Can economists provide unassailable (and bias-free) marijuana reform cost-benefit analysis?
The question in the title of this post is prompted by this notable AP piece from Oregon headlined “Economist: Benefits of legal pot outweigh societal costs.” Here are excerpts:
University of Oregon economist said Thursday the best-case estimates for Colorado’s legal marijuana tax revenue were overstated because of a faulty model. Economist Ben Hansen said at the Oregon Economic Forum that misjudgments in Colorado’s revenue estimates stemmed from a term familiar to students in Econ 101: Elasticity of demand.
Previous estimates of demand for recreational marijuana only looked at the potential shift from the black market to the legal market. But with the medical market suctioning off some new consumers, revenue forecasts changed. With various substitutes available, from synthetic marijuana to medical and black-market pot, Hansen said, guessing at the potential revenue impact in Oregon remains difficult….
Colorado has decided to spend pot taxes in arrears, meaning taxes aren’t projected but spent only once collected. The unusual budgeting maneuver was adopted because the pot market is expected to be highly volatile for the first several years.
Legalizing marijuana increases its supply and drops its price, Hansen said. That price drop makes additional taxes harder for consumers to notice. That’s important when the tax rate people pay in Colorado and Washington for legal pot is north of 40 percent. In Oregon, the same rate is anticipated to be about 15 percent.

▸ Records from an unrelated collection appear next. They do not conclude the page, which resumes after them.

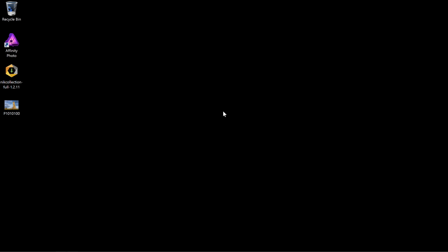Alright then, we're going to cover how to install the NIC Collection plugins for Affinity Photo for Windows. So on the desktop here, I've got the downloaded installation file from the NIC Collection website.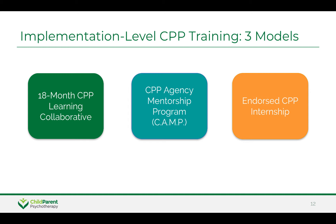Foundational knowledge, CPP didactic learning, active learning, mentorship, and agency support — these are the core ingredients in any CPP implementation level training.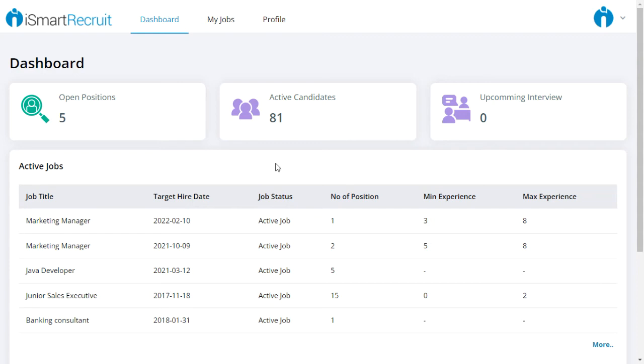While logging in, clients can view a summary of how many open positions there are, the number of active candidates that you are evaluating, and the details of interviews scheduled.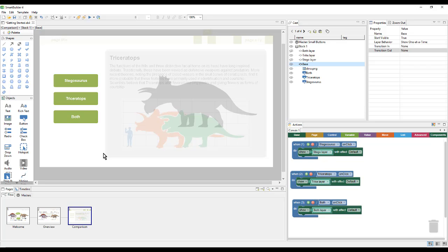And in the next video, we'll add some quiz questions and results to our lesson. To do this quickly, we'll be using templates again.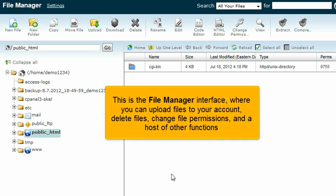This is the File Manager interface, where you can upload files to your account, delete files, change file permissions, and a host of other functions.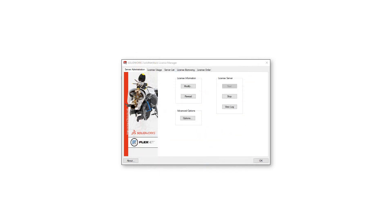Once complete, a confirmation dialog displays with your current license count available. Click Finish to return to the Solid Network License Manager. Your serial numbers are now activated and ready to use. SolidWorks makes it easy and efficient to reactivate serial numbers to update quantities or entitlement dates by using the Solid Network License Manager.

While police agencies will no longer arrest or fine people caught with marijuana if it’s legalized, Hansen says taxes function as a kind of fine for marijuana consumption. “With legalization, we can kind of double-dip,” Hansen said. “We’re no longer paying to arrest and incarcerate people, and we’re getting tax revenue from it.”
Hansen also says he doesn’t anticipate a dramatic impact on the alcohol market, though he says studies have shown heavy drinking and beer sales decline in markets where medical marijuana is approved.
Harvard University economist Jeffrey Miron said Thursday that Colorado’s medical marijuana market was already commercialized when marijuana was legalized. “The medicinal market was so commercial, so visible, that for all practical purposes, it was legal,” said Miron. “Economists consider all that matters are the fundamentals: Can you get access to it, are there barriers to it.
“I just don’t think you (in Oregon) will see any kind of dramatic change. You’re a long way toward a commercial market already.”